Mission. Our desire is to support the research, development, and use of smaller living spaces that foster sustainable living for individuals, families, and communities worldwide.

Overview. The Small House Society is a voice for the Small House Movement. The movement is the result of concerns about what we are doing to the environment, and what the environment is doing to us (wild fires, flooding, hurricanes), as well as a shifting economy. Some people just desire to live simply so that others can simply live. Because of this, architects and builders are now providing smaller housing alternatives. The increase in websites, books, and magazines about small houses reflect the movement’s growth. Small house dwellers include those who have moved into a smaller space or made better square feet per person use of the space they have.

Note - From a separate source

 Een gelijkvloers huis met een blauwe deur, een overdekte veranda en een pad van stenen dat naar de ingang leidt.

Members of our group might include families of five happy in an arts and crafts bungalow, multifamily housing in a variety of forms, and more extreme examples, such as people on houseboats and in trailers with just a few hundred square feet around them. Size is relative, and mainly we promote discussion about the ecological, economic and psychological toll that excessive housing takes on our lives, and what some of us are doing to live better. It’s not a movement about people claiming to be “tinier than thou” but rather people making their own choices toward simpler and smaller living however they feel best fits their life.

And another signal for this group "Simple Living" which Wikipedia frames up this way:

Simple living is a lifestyle characterized by consuming only that which is required to sustain life. Adherents may choose simple living for a variety of personal reasons, such as spirituality, health, increase in 'quality time' for family and friends, reducing their personal ecological footprint, stress reduction, personal taste or frugality. Others cite socio-political goals aligned with the anti-consumerist movement, including conservation, degrowth, social justice, ethnic diversity and sustainable development.

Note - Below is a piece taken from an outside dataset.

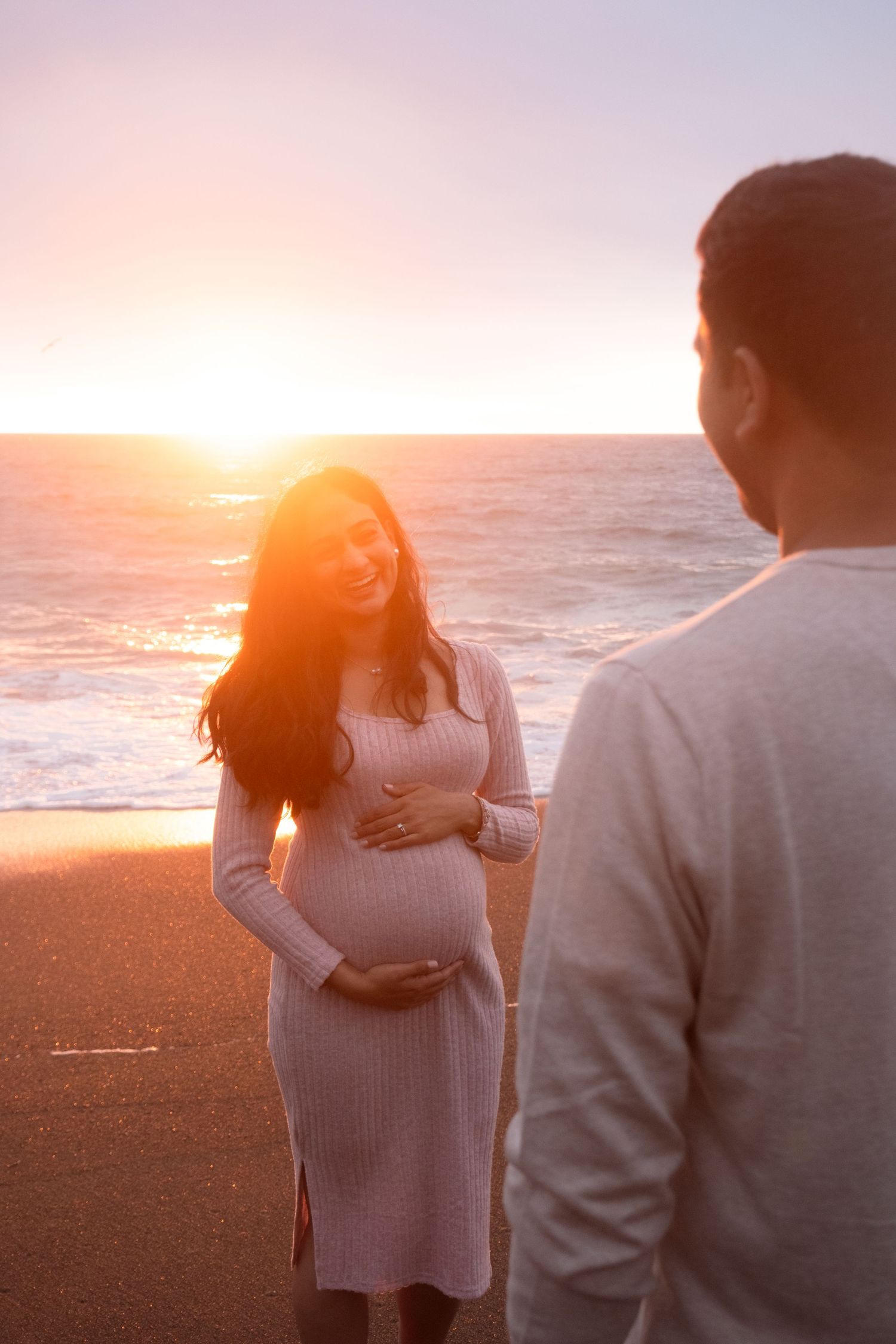 Silhouettes of a couple standing together on a beach at sunset with ocean waves in the background.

Like Anti-consumerism, simple living can be a reaction to Consumerism and Conspicuous consumption. Thorstein Veblen had denounced the materialistic society in The Theory of the Leisure Class (1899); Richard Gregg coined the term "voluntary simplicity" as one path to simple living, in The Value of Voluntary Simplicity (1936); E. F. Schumacher argued against the notion that "bigger is better" in Small Is Beautiful (1973); and Duane Elgin carried on the promotion of the simple life in Voluntary simplicity (1981).

Simple living as a concept is distinguished from those living in forced poverty, as it is a voluntary lifestyle choice. Although asceticism generally promotes living simply and refraining from luxury and indulgence, not all proponents of simple living are ascetics.

Any way you slice it, there is something really compelling about these small structures, the life they represest and the charm of that existance. Not on my act upon list...but to see Kity look at this stuff, I could see her building one of these some year at the new school. Not an impossibility at all.